Return the whole listing, line for line, without the pictures in it.

--- Data ---

####################

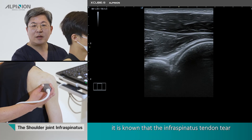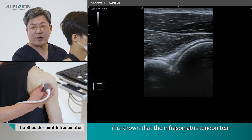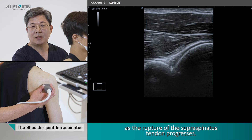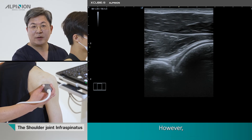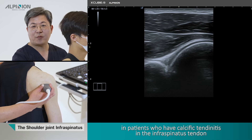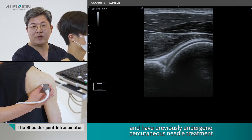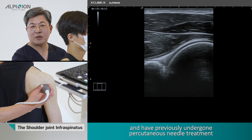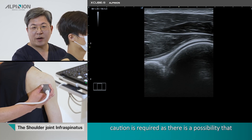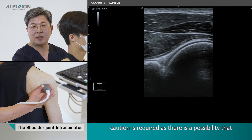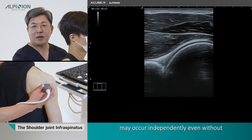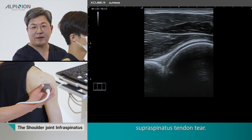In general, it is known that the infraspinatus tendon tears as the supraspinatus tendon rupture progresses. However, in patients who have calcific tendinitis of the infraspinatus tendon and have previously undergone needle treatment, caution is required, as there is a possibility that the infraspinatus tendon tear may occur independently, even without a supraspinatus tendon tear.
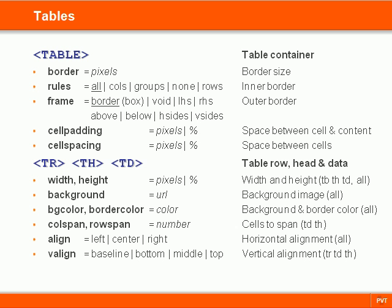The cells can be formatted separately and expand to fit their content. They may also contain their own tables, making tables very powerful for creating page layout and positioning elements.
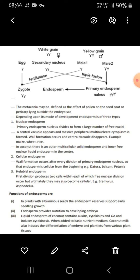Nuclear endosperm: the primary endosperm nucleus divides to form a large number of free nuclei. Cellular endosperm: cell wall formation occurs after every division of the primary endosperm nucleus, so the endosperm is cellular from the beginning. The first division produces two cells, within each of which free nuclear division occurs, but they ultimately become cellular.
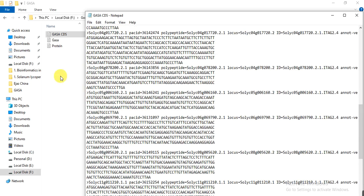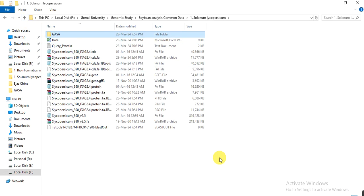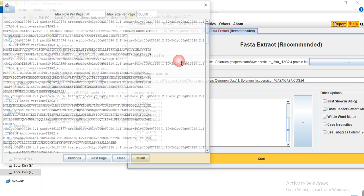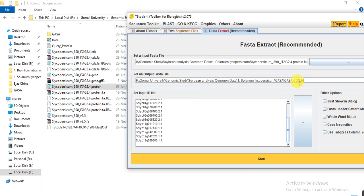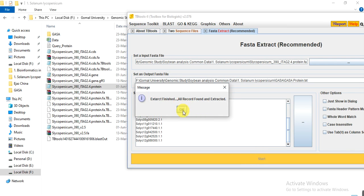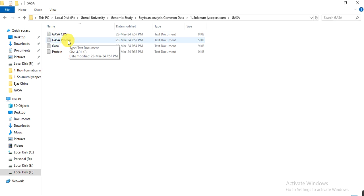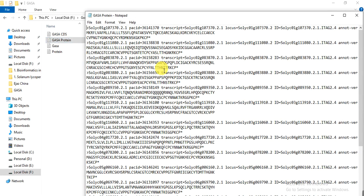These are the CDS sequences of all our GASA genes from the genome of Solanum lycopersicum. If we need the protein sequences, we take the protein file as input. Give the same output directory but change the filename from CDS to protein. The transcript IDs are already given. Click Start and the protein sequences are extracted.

####################

--- Exercise solution ---
In general, it is known that the infraspinatus tendon tears as the supraspinatus tendon rupture progresses. However, in patients who have calcific tendinitis of the infraspinatus tendon and have previously undergone needle treatment, caution is required, as there is a possibility that the infraspinatus tendon tear may occur independently, even without a supraspinatus tendon tear.
The cells can be formatted separately and expand to fit their content. They may also contain their own tables, making tables very powerful for creating page layout and positioning elements.
Nuclear endosperm: the primary endosperm nucleus divides to form a large number of free nuclei. Cellular endosperm: cell wall formation occurs after every division of the primary endosperm nucleus, so the endosperm is cellular from the beginning. The first division produces two cells, within each of which free nuclear division occurs, but they ultimately become cellular.
These are the CDS sequences of all our GASA genes from the genome of Solanum lycopersicum. If we need the protein sequences, we take the protein file as input. Give the same output directory but change the filename from CDS to protein. The transcript IDs are already given. Click Start and the protein sequences are extracted.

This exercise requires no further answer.